Plan 'B' for everyone
Other Chinese phone manufacturers may have incentive to adopt this OS also as a backup plan. They know that while they may not be in the American cross-hairs at the moment, any Chinese company which shows signs of success in their market can be a target for the US.
The Americans are unmatched experts at weaponising the supply chain against their competitors, and they are showing less and less restraint when it comes to using this capability. Every significant cell phone company outside of the US, which means everyone except Apple has to be thinking about this and what it could mean for them.
What might help adoption around the world is if instead of there being a walled garden, people could use whatever app, email, and other services vendors they felt like instead of being tied to the OS vendor. Apple and Google are the modern day IBM and Microsoft respectively, vertically integrated corporate behemoths whose main skill is vendor lock-in and fleecing customers for every penny they've got.
The Americans don't trust the Chinese and the Chinese don't trust the Americans. In the rest of the world only a lunatic would trust either the Americans or the Chinese. Neither are innocent and they both do what they accuse each other of doing.

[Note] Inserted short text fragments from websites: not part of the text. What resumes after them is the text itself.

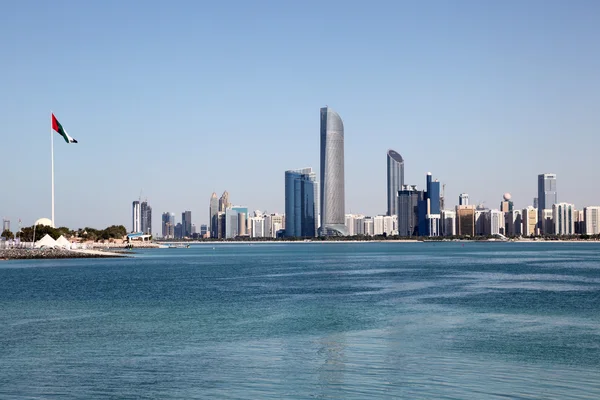 Abu Dhabi skyline, Emirati Arabi Uniti — Foto Stock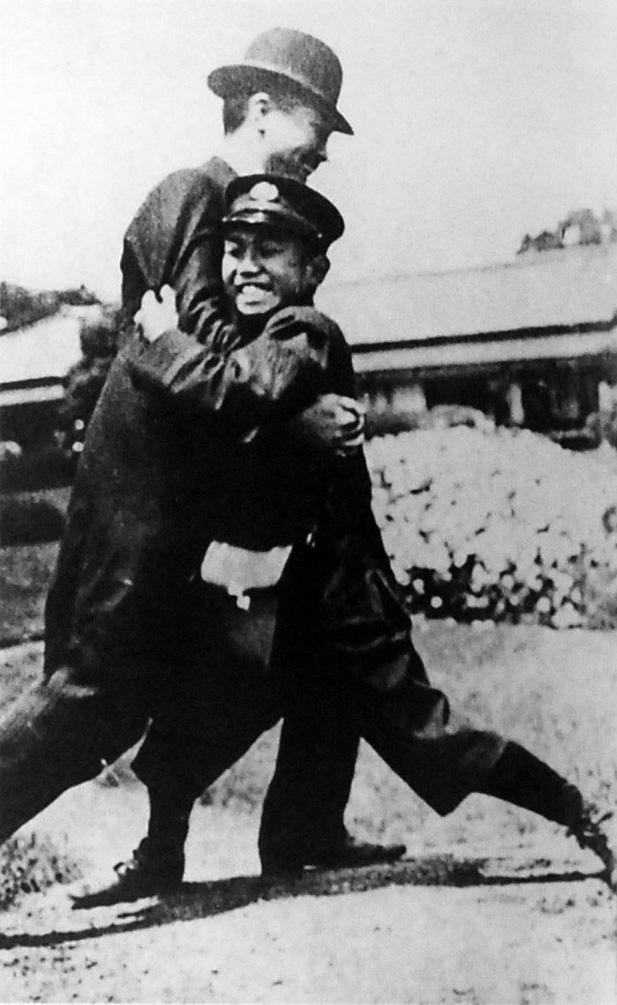 A young Japanese Prince (& future Emperor) Hirohito play-fighting with a family friend, 1913. Despite the strict rules that governed photography of Emperor Hirohito during his reign, photographers were relatively free to take pictures of him before he was crowned Emperor. (1005×617)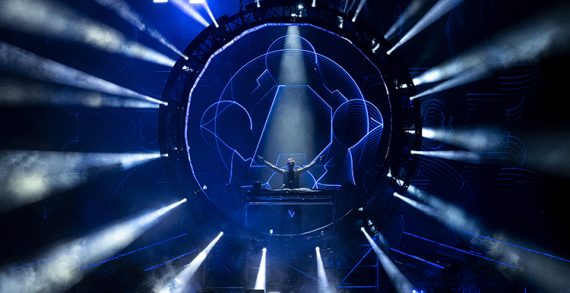 Grammy adayı Armin van Buuren İstanbul’da hayranlarıyla buluştu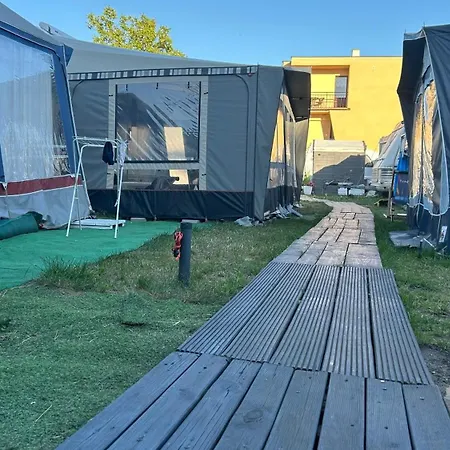 Queen I King Camping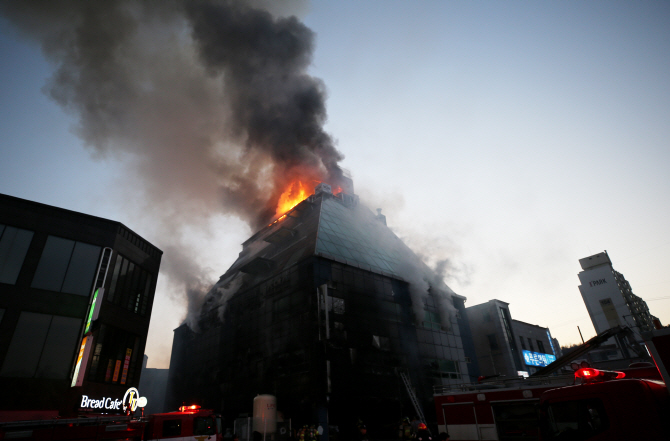 충북 제천 스포츠센터 건물서 큰 불…16명 사망·10여명 부상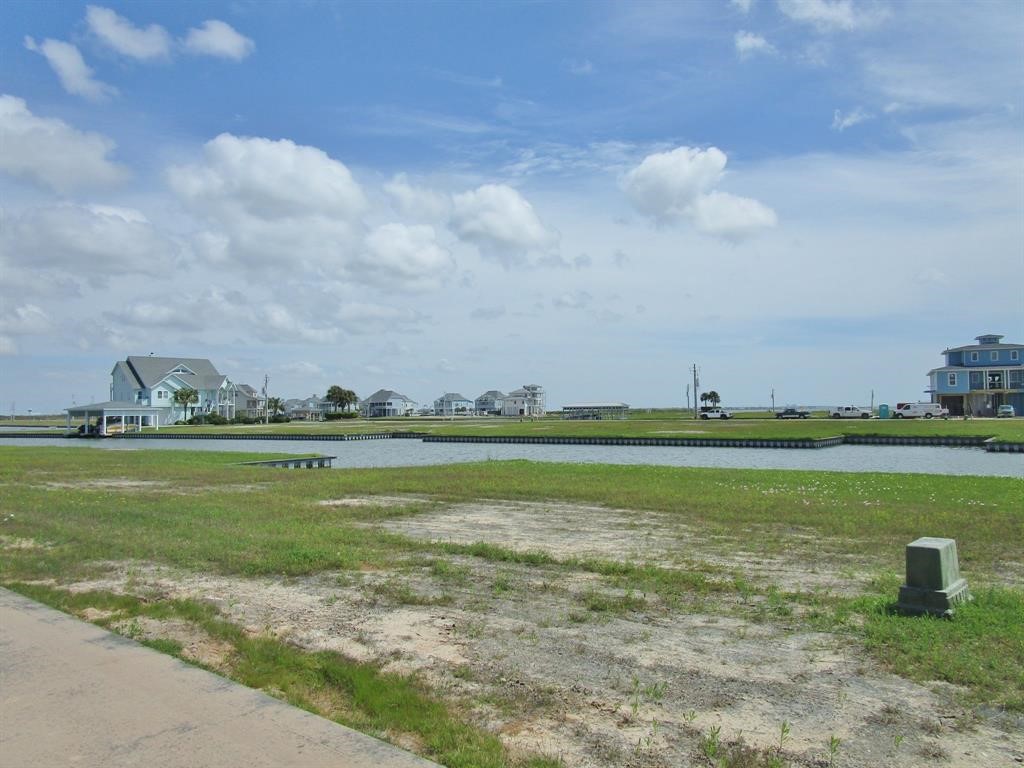 13 Saddlebunch, Hitchcock, TX 77563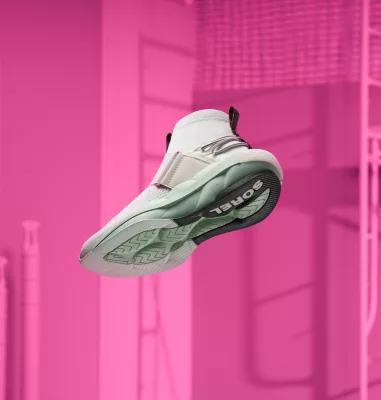 Women's Explorer™ Defy Mid Sneaker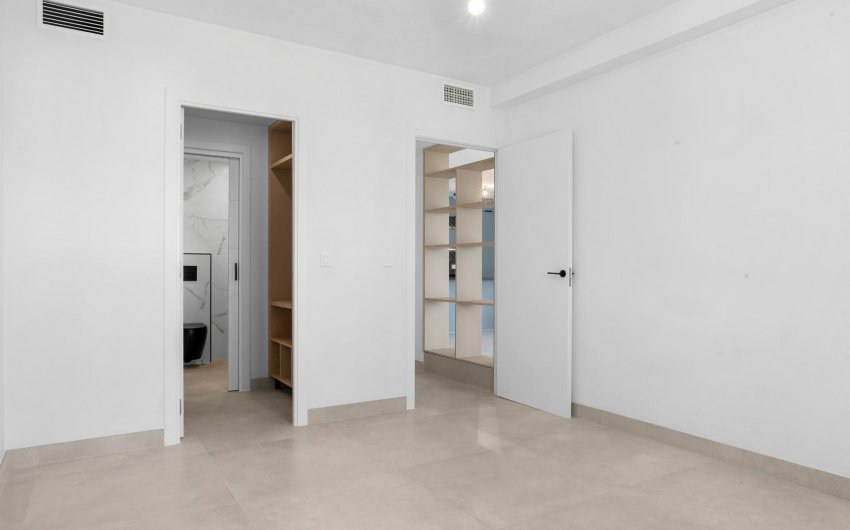 Reventa - Apartment -
Marbella - Nueva Andalucia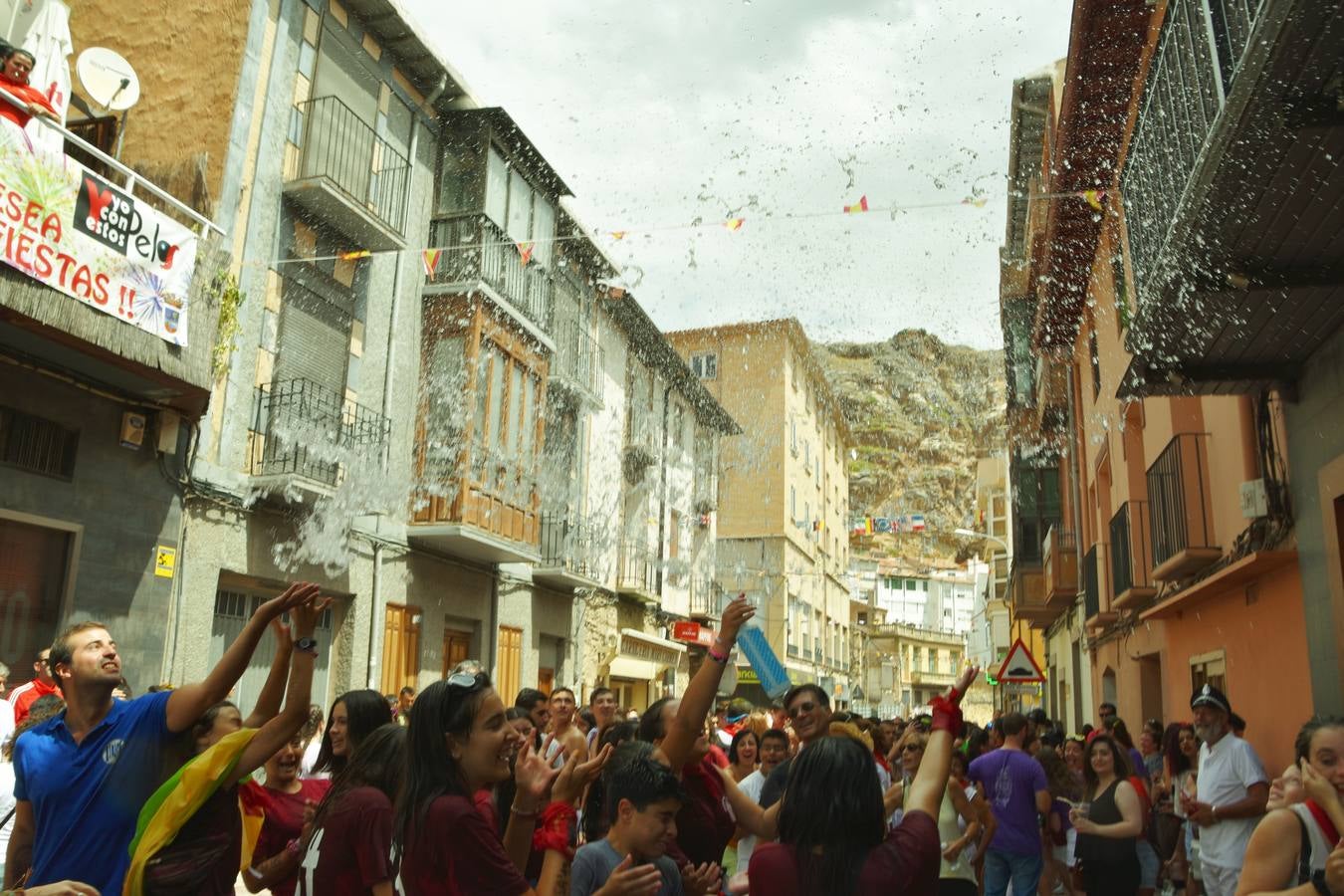 Fotos: Cervera lanza el cohete y disfruta del recorrido del agua va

I'd like to see a more decentralised world in which no one country has this sort of power over another, because otherwise some day that power will be used against my own country. There's no reason why things have to be the way they are other than somebody is making a lot of money out of it.
I think that for somebody to make a success in the market at this point, they need to bring something new to it, and by "new" I don't mean more mega-pixels. What would really be new is a phone environment that is designed to be decentralised rather than under centralised control. One where I don't have to "trust" someone in another country, but rather can choose who can do what with my phone and whether they have access to any of my personal information. It means that the company selling phones would have to give up being the next Google or Apple, but being the next Apple or Google isn't offering a real alternative, it's just more of the same.
I'm afraid that isn't likely to happen in this case, but it's nice to dream that it could.